Google Reader Reimagined

Monday, March 21, 2011

TL;DR: I have built a small utility service for Google Reader where you can define the topics you love and then let the system group and prioritize the stories for you. You can test it here or fork it at Github.

So this weekend I had an idea: I was going to build a small utility as an weekend project, in order to help me deal with my daily information overload issue, also known as "Google Reader".

I rely heavily on Google Reader and my 335 subscriptions give me a headache every time I wanna keep up with the world, so I had to do something.

There were to major problems that I wanted to tackle with Google Reader: First up, I wanted the "interesting" stories, more precisely some topics that I am interested in (javascript, ios, html5, diablo), to come up first and stop being buried under the whole pile of boring articles. Secondly, due to the volume of my subscriptions, some stories were mentioned over one time by multiple sources, so it would have been nice if those stories were grouped and being pushed up to the top, right after my 'interesting' articles. In that way, developing stories of the day (e.g. AT&T buys T-Mobile) could bubble up easily.
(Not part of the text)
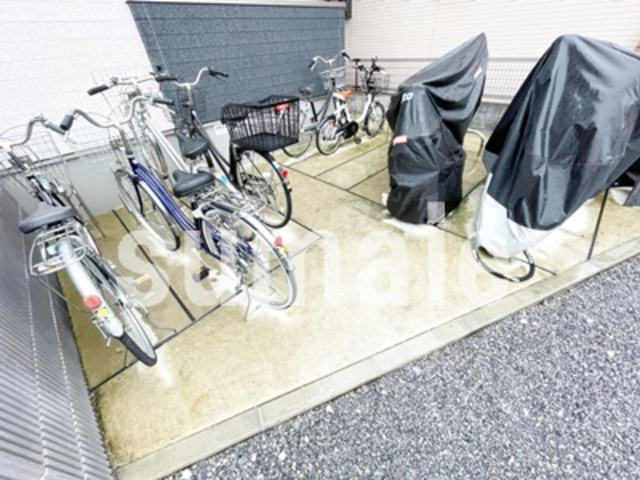 その他共有部分　駐輪場です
So that's what I coded over the past two days.

First up, some technology heads up: I used the excellent HTML 5 Boilerplate "framework" by Paul Irish, in order not mess around with CSS too much. I have found myself fiddling with CSS many times, where I really had to focus on the development side of things, so boilerplate made things a lot faster. I also didn't wanna mess around with databases in this small project, so I used Local Storage. Everything that has to be saved (no username/passwords of course) is saved on the client using HTML 5 Local Storage feature, so no db, no tables, no transactions, nothing. Also jQuery rocks, but I guess you know that already!

The "backend", although trivial, was a bit trickier. Dealing with the fact that Google Reader hasn't released an official API yet, I had to rely on a pretty useful wiki and some Stack Overflow posts when dealing with the whole request/response game, which proved to be quite fun!
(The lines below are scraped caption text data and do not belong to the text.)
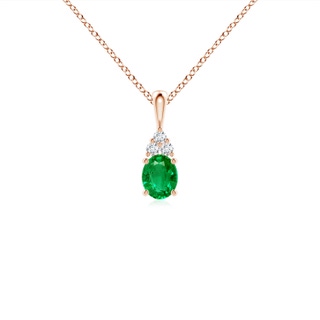Oval AAA Emerald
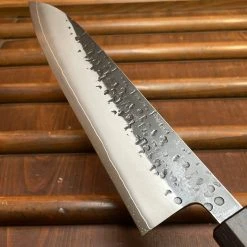 Deals ๐ Konosuke Sanjo 'YS' 210mm Wa Gyuto Semi Stainless Khii Enju W/ Saya - On Order ๐ 14 Konosuke Sanjo 'YS' 210mm Wa Gyuto Semi Stainless Khii Enju W/ Saya - On Order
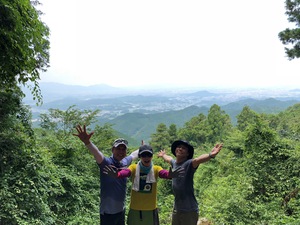 奈良の高取城♪登山×山城探索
The real heart of the system though is the algorithm which takes care of all the rest and yeah it's no rocket science either.

Once you login to the service with your Google Reader credentials, you get to enter some topics that you love (1 word per topic at the moment). For example in my case those are: blizzard, wow, ipad, iphone, ios, apple, javascript, html5, css3, warcraft, diablo, webgl, nodejs. The system then scans through your unread items of your reading list, breaks up every title of those items into terms and groups the items with the common terms. It excludes some unnecessary words (mostly verbs) and then groups the terms that have the same items together. It finally breaks up this list into two: one with your "interesting" stories and one with the rest. And that's pretty much it!
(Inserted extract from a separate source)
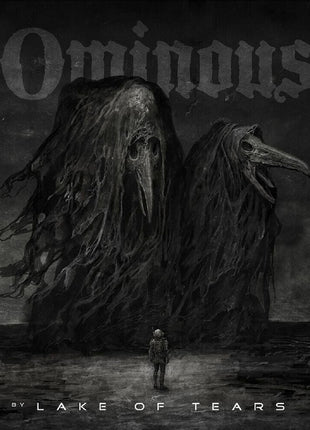 the album cover for Lake Of Tears - Ominous (marble Vinyl)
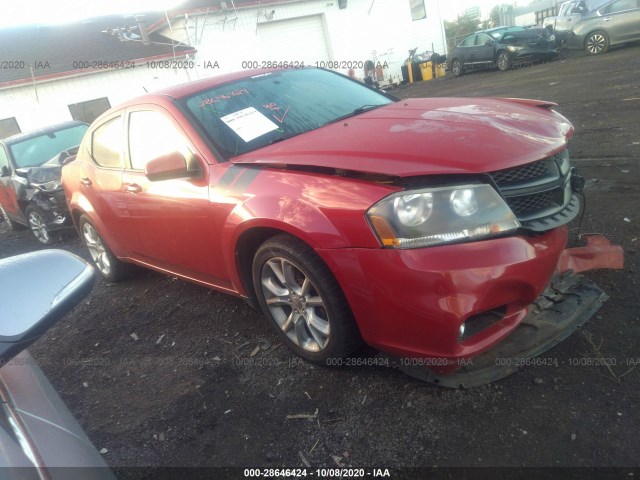 DODGE AVENGER 2013 1c3cdzbg4dn700990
You can test Google Reader Reimagined here but bear in mind that this project was made by me, in order to work for me. I don't know if it can help you with your reading list and no, there is no feature request button. I plan to add some things in the future but those will primarily tend to serve my needs.

On the other hand, I plan to push the source of this project to my Github page this week (hopefully), so anybody can fork, tweak, download and mess around with it!

Update: You can now find the code of the project @ Github!